A gigante da tecnologia Meta, responsável por plataformas como Facebook, Instagram e Whatsapp, esteve no centro de questionamentos da Advocacia-Geral da União (AGU) na noite de segunda-feira (13). A empresa respondeu às preocupações levantadas pela AGU sobre as recentes alterações em suas políticas de moderação, incluindo o encerramento do programa de verificação de fatos, que identificava informações falsas circulando nas redes.

Em comunicado, a AGU informou que convocou uma reunião técnica para o dia seguinte, sob coordenação da Procuradoria Nacional de Defesa da Democracia, para debater as medidas adotadas pela empresa de tecnologia dos Estados Unidos. A expectativa é que, após essa análise, a AGU se manifeste sobre os próximos passos em relação ao tema.

Representantes de diversos ministérios, como Direitos Humanos e Cidadania, Justiça e Segurança Pública, e a Secretaria de Comunicação Social da Presidência (Secom), devem participar da reunião agendada pela AGU.
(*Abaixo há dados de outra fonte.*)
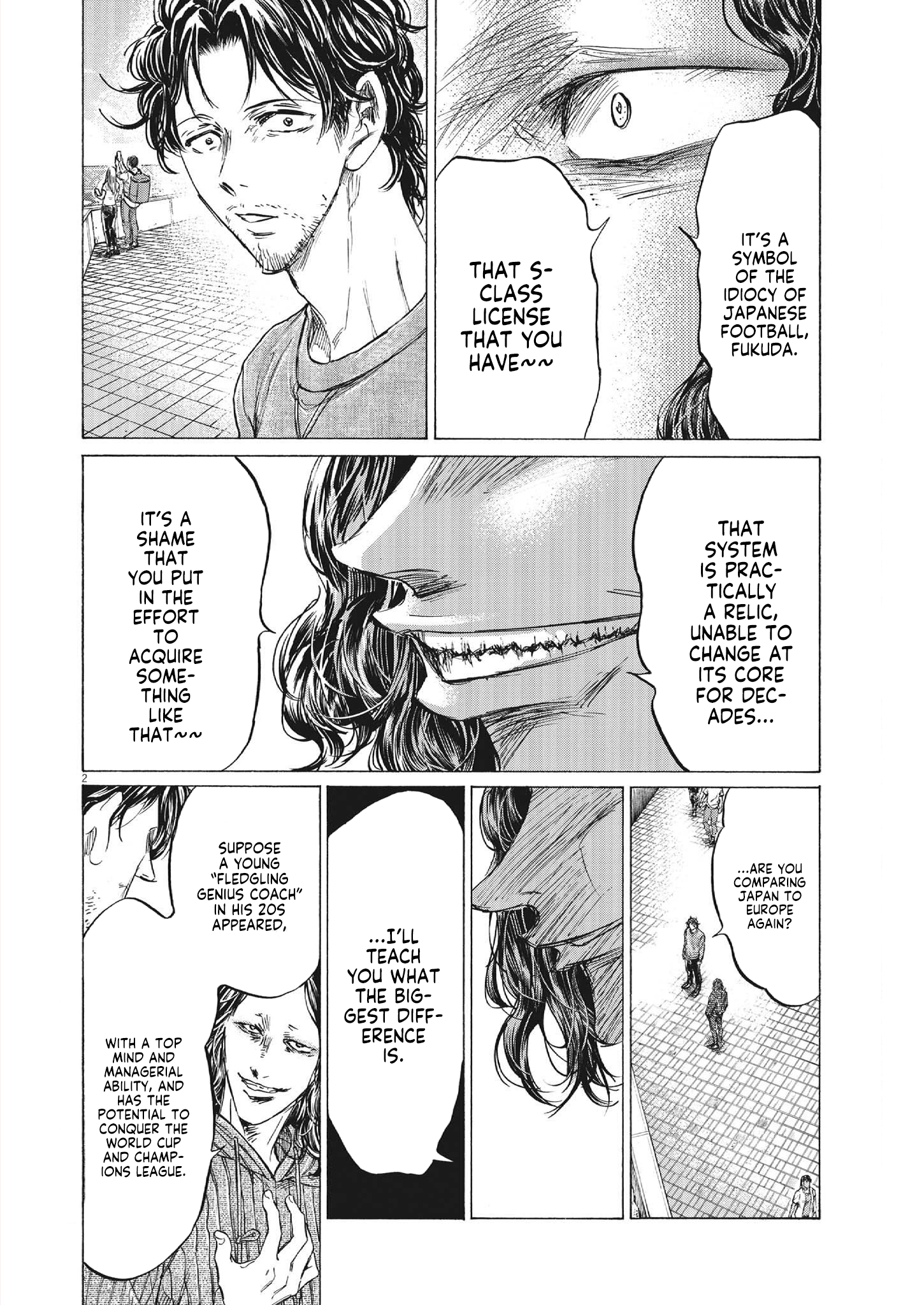 Read Aoashi EN Manga Online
A Meta anunciou, na semana anterior, uma série de mudanças em suas políticas, alinhando-se à agenda do presidente eleito dos Estados Unidos, Donald Trump, que é favorável à desregulamentação do ambiente digital e contrário à verificação de fatos. Com isso, a empresa permitiu a veiculação de conteúdo ofensivo em suas plataformas.

Até então, a Meta disponibilizava um serviço de verificação de fatos no Facebook e Instagram, envolvendo jornalistas e especialistas de mais de 115 países para determinar a veracidade das informações. Com a alteração, a empresa passou a adotar as “notas da comunidade”, restringindo a possibilidade de contestação apenas a usuários cadastrados previamente.
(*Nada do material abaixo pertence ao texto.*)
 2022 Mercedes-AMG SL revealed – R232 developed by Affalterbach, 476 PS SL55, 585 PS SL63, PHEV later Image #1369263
Especialistas em direito e tecnologia alertam que essa mudança pode facilitar a disseminação de fake news e fomentar discursos de ódio, prejudicando grupos minoritários. Documentos de entidades como a Coalizão Direitos na Rede criticam a postura da Meta, acusando-a de priorizar interesses comerciais em detrimento da segurança dos usuários.

O ministro da AGU, Jorge Messias, destacou a importância de garantir que as práticas da empresa estejam em conformidade com a legislação brasileira, visando proteger a soberania nacional e a segurança dos cidadãos. A discussão em torno das políticas da Meta continua gerando debate e preocupação em diversos setores da sociedade.